Central Banks

Bank of Japan keeps policy steady, offers gloomier view on factory output

Key Points
  • The Bank of Japan kept monetary settings steady on Thursday and maintained its upbeat view on the economy, suggesting policymakers are in no hurry to boost stimulus even as global risks threaten to scupper a fragile recovery.
  • The central bank offered a gloomier view on factory output than at its previous rate review in October, nodding to the widening fallout from soft global demand and the U.S.-China trade war.
  • The decision to stand pat keeps Japan in line with the U.S. Federal Reserve and the European Central Bank, which have both signaled that monetary policy will be in a holding pattern for the time being.
Japan's national flag flies atop the Bank of Japan building on November 12, 2019 in Tokyo, Japan.
Tomohiro Ohsumi | Getty Images

The Bank of Japan kept monetary settings steady on Thursday and maintained its upbeat view on the economy, suggesting policymakers are in no hurry to boost stimulus even as global risks threaten to scupper a fragile recovery.

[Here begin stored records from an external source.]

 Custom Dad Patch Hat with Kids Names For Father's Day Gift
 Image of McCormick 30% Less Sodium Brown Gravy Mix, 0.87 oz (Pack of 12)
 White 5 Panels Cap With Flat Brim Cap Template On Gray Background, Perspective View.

But the central bank offered a gloomier view on factory output than at its previous rate review in October, nodding to the widening fallout from soft global demand and the U.S.-China trade war.

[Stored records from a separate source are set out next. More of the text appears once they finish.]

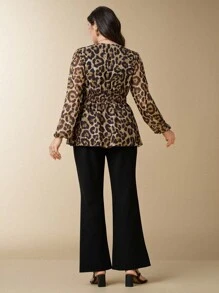 Flouryn Blusa de mujer de talla grande de estilo casual y sexy con cuello en V, mangas largas, cintura entallada y estampado de leopardo en gasa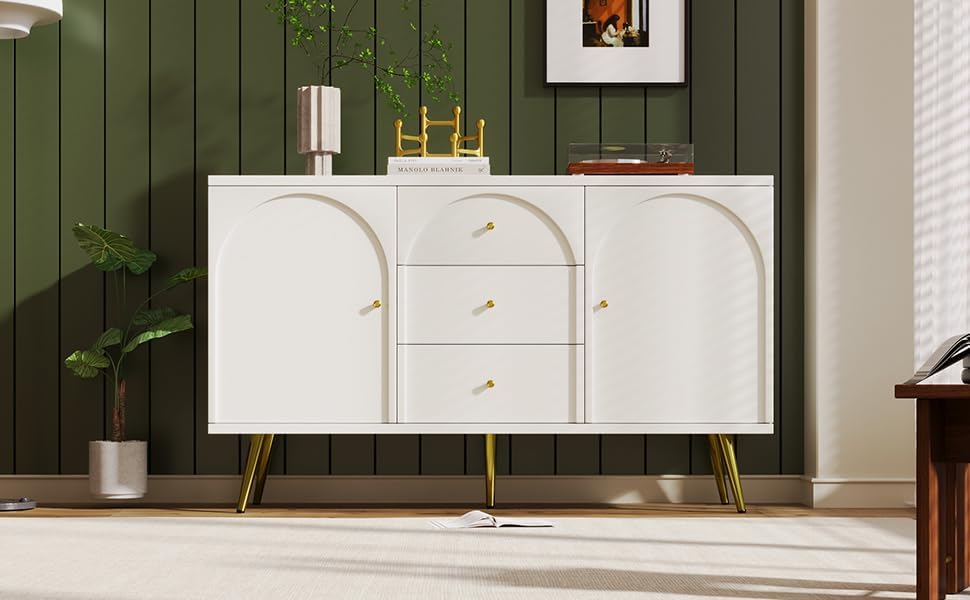 CYJZH Modern Metal Foot Two Door Dining Cabinet, Combining Wood and Metal, Simple Style, Dining/Living Room/Kitchen Storage cabinets, Providing Large Storage Space (2Cream White + MDF)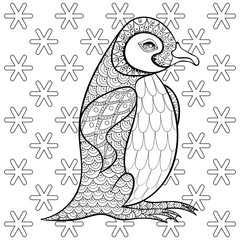 Coloring pages with King Penguin among snowflakes, zentangle ill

The decision to stand pat keeps Japan in line with the U.S. Federal Reserve and the European Central Bank, which have both signaled that monetary policy will be in a holding pattern for the time being.

As widely expected, the BOJ maintained its short-term interest rate target at -0.1% and that for 10-year government bond yields around 0%.

The central bank also kept intact its assessment that Japan's economy continues to expand moderately as a trend.

"Industrial production is falling due mainly to natural disasters," the BOJ said in a statement announcing its policy decision, revising down its view from October when it said output was moving sideways.

The steady policy stance is partly underpinned by moves from the United States and China to secure a preliminary trade deal to de-escalate a bruising trade war, which has hit world growth.

Japan's economy, the world's third-largest, expanded an annualized 1.8% in the third quarter on resilient domestic demand and business spending.

But factory output suffered its largest fall in two years in October and big manufacturers' business sentiment sank to a near seven-year low in the fourth quarter, underscoring the fragile state of Japan's recovery.

Many analysts expect the economy to have contracted in the current quarter as a sales tax hike in October cools consumption.

At his post-meeting news conference, BOJ Governor Haruhiko Kuroda is likely to repeat the bank's readiness to ease further if risks threaten to derail Japan's economic recovery.

But many analysts say the hurdle for action is high given the strain prolonged ultra-low rates are heaping on financial institutions.

Koichi Hamada, a key economic adviser to Prime Minister Shinzo Abe, criticized the BOJ's negative rate policy and warned against pushing borrowing costs down to a "reversal rate," or a level that could do more harm than good by crippling financial institutions' ability to lend.

"Negative interest rates hurt, particularly smaller financial institutions' health, so the BOJ must try to avoid a situation where interest rates reach a level deemed as a reversal rate," he told Reuters earlier this week.